Elle venait de finir son deuil lorsqu'elle tomba enceinte à l'âge de vingt-cinq ans. Lucius était extatique et elle aussi. Finalement, l'espoir renaissait, tout n'était pas perdu. Elle aimait déjà tellement cet enfant. Elle ferait tout pour le protéger et pour lui inculquer sa vision de la magie, sa vision de la famille, ses principes. Elle l'éleverait du mieux qu'elle le pouvait. Elle y consacrerait sa vie.
Dès qu'elle le tint pour la première fois dans ses bras, elle sût. Elle donnerait absolument tout pour lui. Elle sacrifierait tout pour lui. Son petit dragon. Elle n'avait pas pû s'en empêcher... De lui donner un nom d'étoile. C'était une tradition qu'elle avait toujours voulu continuer et même si la famille Black était morte, elle y avait tenu. Lucius avait finalement accepté, abandonnant son premier choix de prénom. Abraxas, comme son père à lui.
Dans la nuit du 31 octobre au 1er novembre 1980, Lucius la réveilla dans ses appartements. Le Seigneur des Ténèbres avait disparu, lui expliqua-t-il dans un souffle, le visage pâle et la voix tremblante. Il s'était rendu chez les Potter pour les tuer mais n'avait pas réussi à achever l'enfant. Il était mort par on ne savait quel procédé magique. C'était la fin.
Narcissa l'avait consolé, lui chuchotant à l'oreille que tout irait bien en passant sa main dans ses longs cheveux blonds qu'elle aimait tant. Il s'était endormi. Puis, elle avait enlacé Draco qui dormait paisiblement et avait pleuré de joie et de soulagemment. Quelques jours plus tard et de manière simultanée, son cousin Sirius et les Lestranges avaient été arrêtés respectivement pour meurtre et torture. Sirius était apparement un mangemort, l'information passait dans la gazette du sorcier. Cela l'avait étonnée. Lui qui semblait si impliqué dans son amitié avec des sang-de-bourbes... Mais finalement, le Seigneur des Ténèbres avait été capable de convaincre nombre de fidèles. Un de plus, un de moins. Si elle l'avait sû avant... Quant-à sa soeur, cela faisait bien longtemps que Bellatrix n'était plus sa Bellatrix.

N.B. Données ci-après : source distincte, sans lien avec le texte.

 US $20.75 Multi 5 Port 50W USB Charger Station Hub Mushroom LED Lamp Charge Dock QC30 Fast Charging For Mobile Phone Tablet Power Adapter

Narcissa vécu dix ans de bonheur à élever son fils, la lumière de sa vie, sans remarquer que son couple ne tenait en réalité plus que grâce à lui. Ce fait lui sauta aux yeux lorsque Draco entra à Poudlard (dans la même promotion que Harry Potter dont il lui parlait dans ses lettres et pour qui il semblait nourrir une certaine obsession) et que la maison lui sembla soudainement affreusement vide. Lucius et elle ne partageaient plus aucun moment d'intimité depuis très très longtemps. En fait, même le respect, la confiance et la chaleur humaine avaient disparus de leur relation. Quand elle y pensait trop, elle envoyait à son fils un gros paquet de bonbons à partager avec ses amis de Serpentard, comme pour exorciser son malheur à elle.
Et parce qu'un malheur n'arrivait jamais seul, son père, Cygnus, mourrut cette année-là. Draco n'en fut pas très affecté, il n'en était pas très proche. Elle par contre fut anéantie. Son masque était désormais en permanence fixé sur son visage. Trop d'émotions l'avaient détruite en trop peu de temps, elle ne voulait plus les ressentir ni qu'on la voit les ressentir.
Et voilà que maintenant, alors qu'elle ne pensait pas pouvoir tomber plus bas, le Seigneur des Ténèbres était de retour...
Ses yeux se firent meurtriers et calculateurs.
Au nom de Narcissa Adhara Black, et par le pouvoir de toute sa lignée, elle le promettait devant la lune, la terre et les étoiles, Lord Voldemort ne réclamerait pas son fils.